Une manifestation organisée le 20 octobre 2022 à N’Djamena, Moundou, Doba, Koumra et Sarh contre la prolongation de la transition de deux ans par le dialogue national a été violemment réprimée. Tous les journaux reviennent sur ce qui est qualifié de « jeudi noir ».

A l’appel des partis comme Les Transformateurs, le parti socialiste sans frontière (PSF) ou encore d’organisation de la société civile comme Wakit Tamma, des centaines, voire des milliers de Tchadiens sont sortis dans la rue le 20 octobre pour protester contre les 24 mois supplémentaires accordés au président de transition, Mahamat Idriss Déby, à la tête du Tchad. Une manifestation qui, selon les organisateurs, a fait au moins une centaine de morts, des blessés et des personnes arrêtées. Le gouvernement, par la voix de son chef, Saleh Kebzabo, évoque le chiffre de 50 morts.

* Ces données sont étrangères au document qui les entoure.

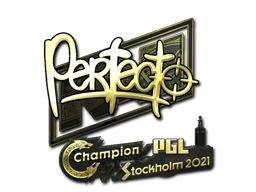 Наклейка | Perfecto (золотая) | Стокгольм-2021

« Kebzabo compte ses morts », titre justement N’Djamena Hebdo. Le journal qui indique que le Premier ministre de transition a « mis l’huile sur le feu » car il a accusé les initiateurs de la marche de fomenter une « insurrection », un « coup d’Etat ». Une communication qualifiée « d’inappropriée » et de « maladroite » dans la situation que traverse le pays, martèle le journal fondé par l’actuel chef du gouvernement et qui assure rester indépendant.  

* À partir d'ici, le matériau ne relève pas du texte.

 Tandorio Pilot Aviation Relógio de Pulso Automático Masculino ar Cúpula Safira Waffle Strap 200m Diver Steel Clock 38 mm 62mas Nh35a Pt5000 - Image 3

Abba Garde quant à lui parle de la « Refondation dans le sang ». En effet, l’hebdomadaire qui ne comprend pas la férocité de la répression fait noter que les manifestations du 20 octobre n’ont rien d’extraordinaire que l’expression du droit des citoyens « grugés par un club d’usurpateurs et d’imposteurs hostiles à la justice, à l’égalité, à l’alternance pacifique et à l’instauration d’un Etat dans toutes ses dimensions ». Abba Garde rappelle en effet l’engagement de Mahamat Idriss Déby et des 14 autres généraux, à leur prise de pouvoir en avril 2021, de rendre le tablier après 18 mois qui n’a pas été tenu. « Il était évident que dans ces conditions, très peu de citoyens désabusés, escroqués, violés moralement, désespérés et astreints à une misère indescriptible depuis 32 ans, n’accepteraient de continuer à supporter une farce qui n’a que trop duré ».

L’Observateur fait encore plus fort avec ce titre : « Un terrorisme d’Etat ». En effet, estime ce canard, la répression des manifestations du 20 octobre est « inédite dans l’histoire tumultueuse du Tchad ». Et d’insister qu’« aucun régime n’a exercé une telle force extrême pour réprimer une manifestation pacifique du peuple…C’est le chaos ! Quelle cruauté ! Quelle animalité ! Quelle barbarie ! Autant d’exclamations pour qualifier ce comportement inhumain d’un Etat qui, sans coup férir, a osé tirer à bout portant sur sa population désarmée, ce 20 octobre ».

Le gouvernement de son côté temporise. Le Progrès informe ainsi qu’une délégation gouvernementale conduite par le ministre d’Etat, ministre de la Production et de la Transformation agricole, Laoukein Kourayo Médard, accompagné de son collègue du Pétrole et des Hydrocarbures, Djerassem Le Bemadjiel séjourne au sud du pays pour livrer un message de paix. Lors de son escale à Moundou, cette délégation a été recadrée par l’évêque dudit diocèse. « L’évêque de Moundou, Joachim Kouraleyo Tarounga estime que la délégation doit d’abord commencer la sensibilisation avec les militaires avant d’aller vers la population qui, dit-il, est une victime lors de ces événements », écrit ce quotidien.